Janey Suggests Exploring Ferry Service to Long Island as Task Force Unravels

Acting Mayor Kim Janey has reportedly asked her administration to explore the idea of using ferry service to get patients to the Long Island Recovery Campus – a move that has been rejected in the past by many stakeholders – just as the key membership of the Mass/Cass 2.0 Task Force has unraveled and is going back to the South End Forum Working Group format.

A spokesman for Janey said on Wednesday she has asked her team to explore the idea of ferry service, and stressed that Janey doesn’t see such a service as a replacement for the Long Island Bridge. The comments from Janey were characterized by her team as less a reversal in approach and more of an evolution in approach.

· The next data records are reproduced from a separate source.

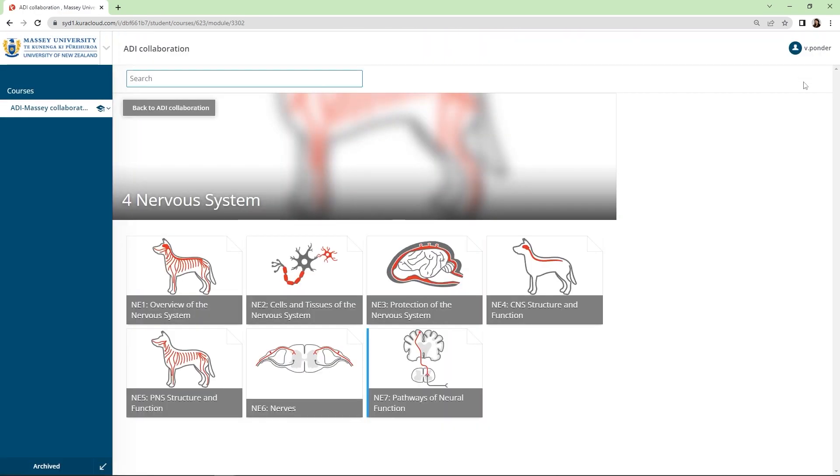So, there you have it. Thanks for looking through these lessons from our Veterinary Physiology collection.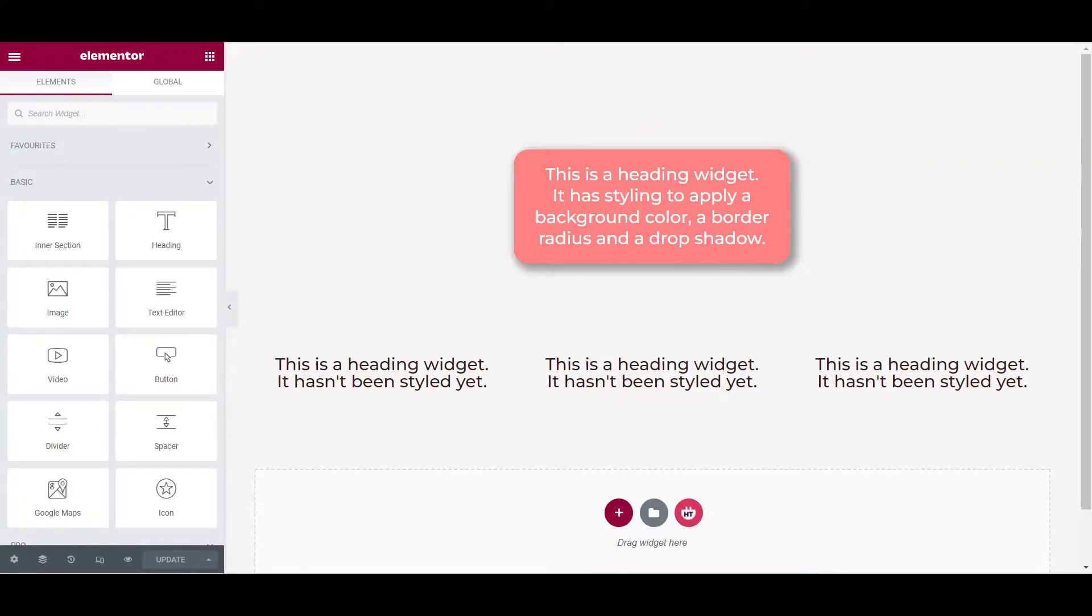By holding the control key on a PC or the command key on a Mac and at the same time clicking on several widgets, Elementor adds them to a multi-selection.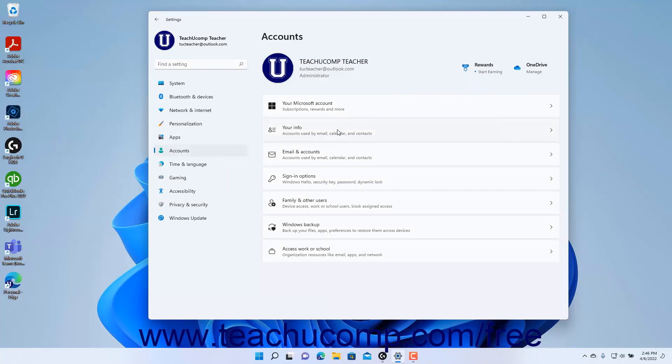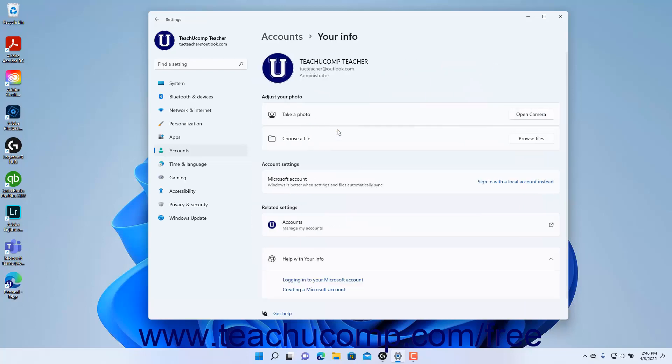Then click the Your Info button to the right to show your info settings at the right side of the Settings app window. Your account info appears at the right side of the window in the Settings app window.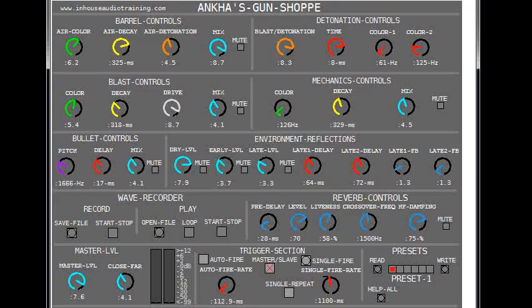Hello all, here is another procedural audio patch of mine. This patch produces many different firearm sounds across a wide variety of firearm types. I made this patch especially for my sound design students after seeing how they had to hunt for decent gun samples.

“Rebuilding the bridge to Long Island is an essential piece to reopening a regional recovery campus there,” said Spokesman Nick Martin. “We expect to go out to bid on the bridge this fall and start construction next year. In the interest of exploring ways to accelerate the reopening of vital regional recovery services on Long Island, Mayor Janey has also asked her team to take another look at hospital and public safety infrastructure that could be added to the island as well as how ferries might complement the guaranteed, all-weather access that a bridge provides.”

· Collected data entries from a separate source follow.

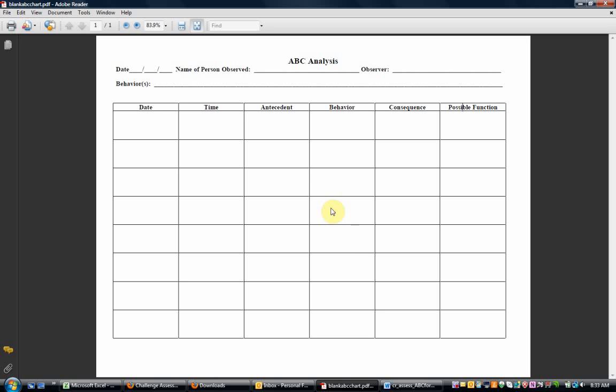Hi, today what I'm talking about is an ABC analysis form. This is a short training video on how to conduct an ABC analysis as well as the purpose of it.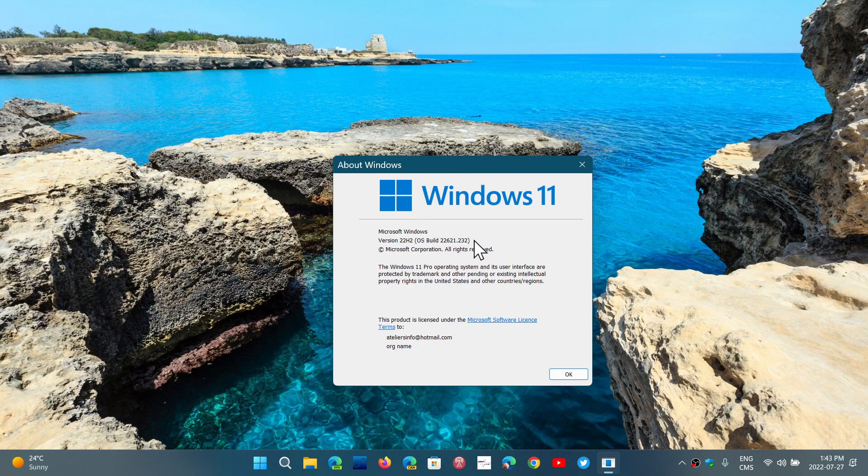So if you're on 22621, you are getting 22H2, and you might want to move yourself to the release preview, by the way, to avoid the possibility of getting moved to 22622. Those on 22622 actually are probably going to be the ones testing all of these new features that will be the Moments of 2023.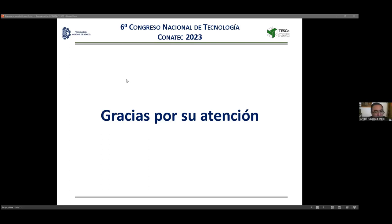Pregunta adicional: ¿qué tanto la dispersión del material podría contribuir a una mejor transferencia? El ponente responde que en una segunda etapa de diseño, donde ya se tiene más idea de cómo va a ser el intercambiador, sí se puede tomar en cuenta ese efecto de dispersión en el sistema.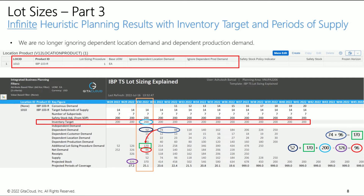Compare the additional lot sizing procedure demand with the inventory target. You can see how inventory target may be too low or too high at different points in the planning horizon. Infinite supply heuristic considers both inventory target and additional lot sizing demand key figures while calculating net demand. You can see how the net demand is calculated in week 30: dependent demand of 52 is added with additional lot sizing procedure demand of 170, as well as the inventory target of 200. The projected stock of week 29, which is 326 units, is then subtracted from the total demand to generate the net demand of 96.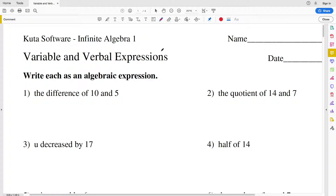In this video we're going to start the Kuta Software Infinite Algebra 1 free worksheet on variable and verbal expressions. Our directions in this first part are to write each as an algebraic expression. An algebraic expression only contains numbers and operations.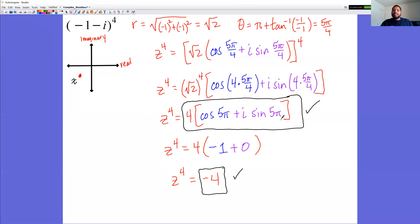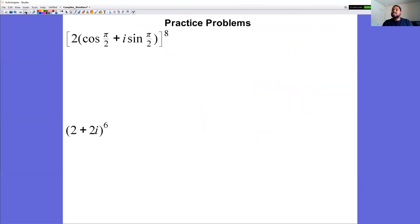We've done one example where the number was already in trig form and used De Moivre's Theorem, then simplified to standard form. We also did one where the number was in standard form, converted it to trig form, applied De Moivre's Theorem, and converted back to standard form. Practice problems are available using the same approach.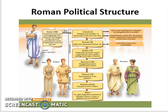Welcome to Unit 4, Video 4. The topic of this video will be on Roman political structure during the Roman Republic.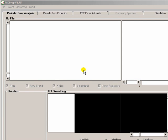Hi, it's Chris here from the EQMOD project. In this video I'm going to show you how you can use PECPREP to refine a periodic error correction curve.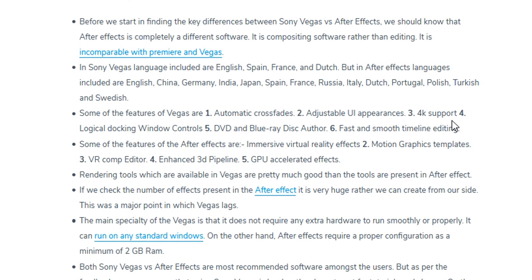In terms of language support: Sony Vegas includes English, Spanish, French, and Dutch. After Effects supports a much wider range — English, Chinese, German, Indian, Japanese, Spanish, French, Russian, Italian, Dutch, Turkish, Swedish, and many more languages than Vegas Pro.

The use of ferry service has been suggested before, at one time by Councilor Ed Flynn and most recently as part of the Mass/Cass Plan presented by Councilor and Mayoral Candidate Andrea Campbell. In the recent past, however, the idea of ferry service has been wholly rejected by members of the South End community and the 2.0 Task Force – as well as by the Boston Fire Department and Boston Emergency Medical Services (EMS). That said, it’s something that does continue to come up.

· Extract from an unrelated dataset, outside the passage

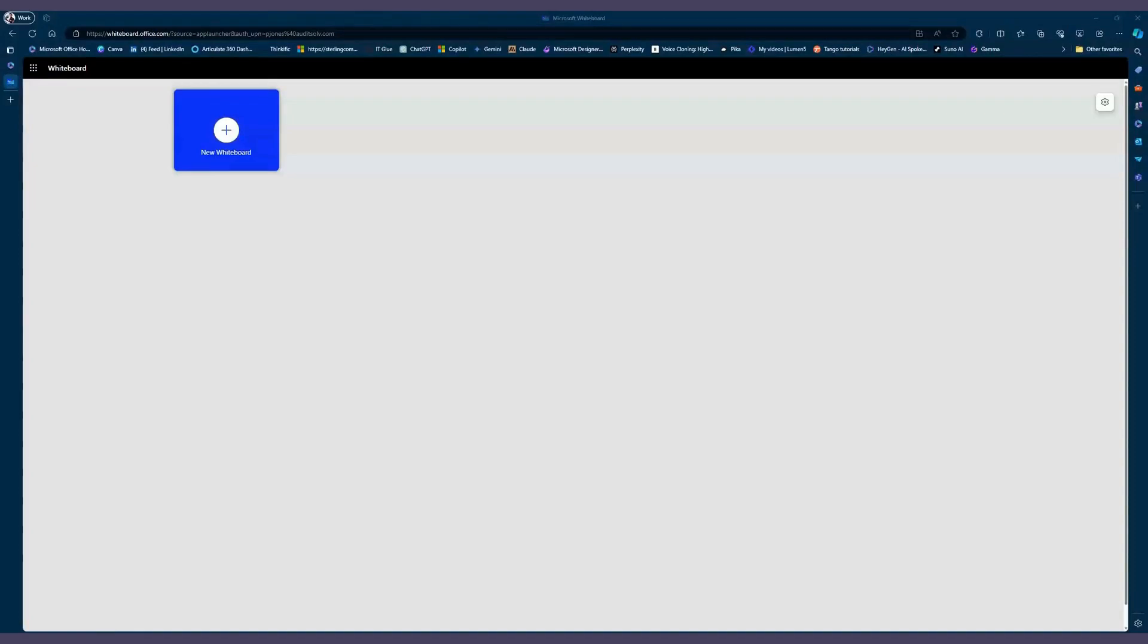Welcome to the guide on Copilot in Whiteboard. Today we're going to uncover the dynamic features of this powerful tool designed to enhance your collaborative and creative endeavors.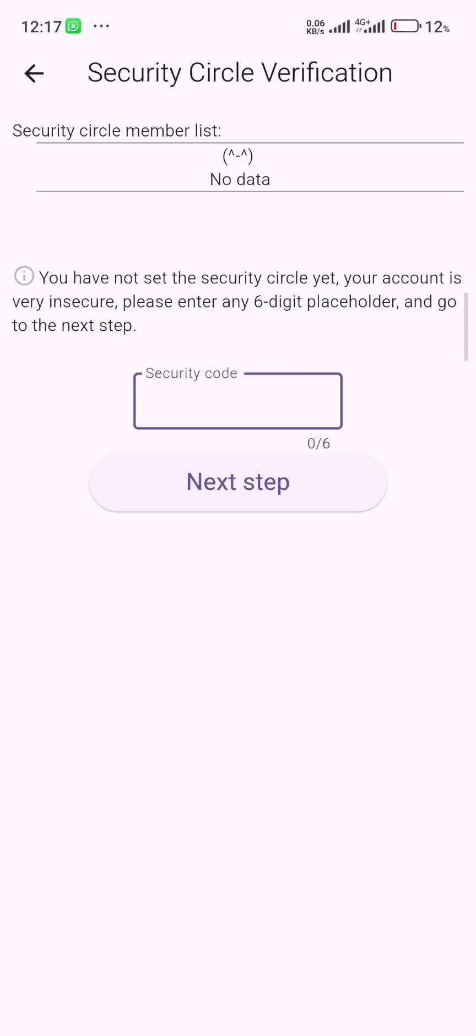Hello everyone, welcome back to my channel. In today's video I'll be showing you how to resolve the security circle verification problem on Delta app. If you mistakenly delete your Delta app and you went to download the new Delta app or the latest version, or you were asked to download the latest version.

In the neighborhood though, it was just another piece of news on top of more frustrating news delivered to the Task Force recently. Last week, Task Force member Mike Nelson, of Worcester Square, said the meetings of the Task Force were no longer productive, and indicated if something didn’t change they wouldn’t really be worth his time any longer.

This week, that has been followed up by key South End member Steve Fox announcing that he will revive the South End Forum’s Working Group on Mass/Cass – a long-time public meeting of the community, the City and providers that gave birth to ideas such as the Long Island Recovery Campus. The Working Group had been disbanded almost two years ago when Mass/Cass 2.0 came in and the Task Force seemed to replace that forum – though the Task Force meetings were not open to the public and were not as transparent.

Fox said the issue of ferry service was one reason, but another was the fact that the Task Force was told this week that the mobile bathroom venture – which has been discussed for almost a year – was being put on hold.

“We’re bringing back the Working Group,” he said. “We’re asking all the old members of the Working Group to come back and all the current Mass/Cass Task Force members to join us and we’ll invite the public and the press and have a rigorous discussion on pros and cons of all these issues…We were discouraged that after six months of work in the Task Force on the mobile bathroom issue, that we’re being told now that the idea is being shelved for 90 days as the City examines its own departmental capacity and whether this is a good idea. We all wish that could have happened six months ago.”

Fox said that Sue Sullivan of the Newmarket Business Association, another key Task Force member, has told him she would also agree to transition to the Working Group again. Many on the Task Force, including Nelson, have said that Fox and Sullivan have become the drivers of the Task Force, and little would get done without them steering the ship.

Last week Nelson, and this week Fox, said they are very worried that the summer is going to bring a barrage of quality of life issues to the South End if there isn’t a winning strategy implemented as soon as possible.

Fox said they need to return to a community-driven process for that strategy.

“We need a community-driven process because summer is upon us,” he said. “We understand the challenges of Mass/Cass and we need a better balance of mental health and social workers…We need to triple or quadruple the BEST team. We also need concentrated enforcement on the dealers who are omnipresent on Atkinson Street…That’s why we’ve decided to reconstitute the Working Group to bring people together and have an open and public discourse. The Long Island Recovery Campus was born in the Working Group and was endorsed by former Mayor Walsh and made a big part of his second term inaugural. That is the kind of work that needs to be done and is inclusive and transparent.”

The Working Group was formed as a subcommittee of the long-time South End Forum in 2016 as a way to focus the energies of the community, the City and stakeholders at a time when the opioid epidemic was first surging. It met monthly in the Crossroads Hampton Inn on Mass/Cass.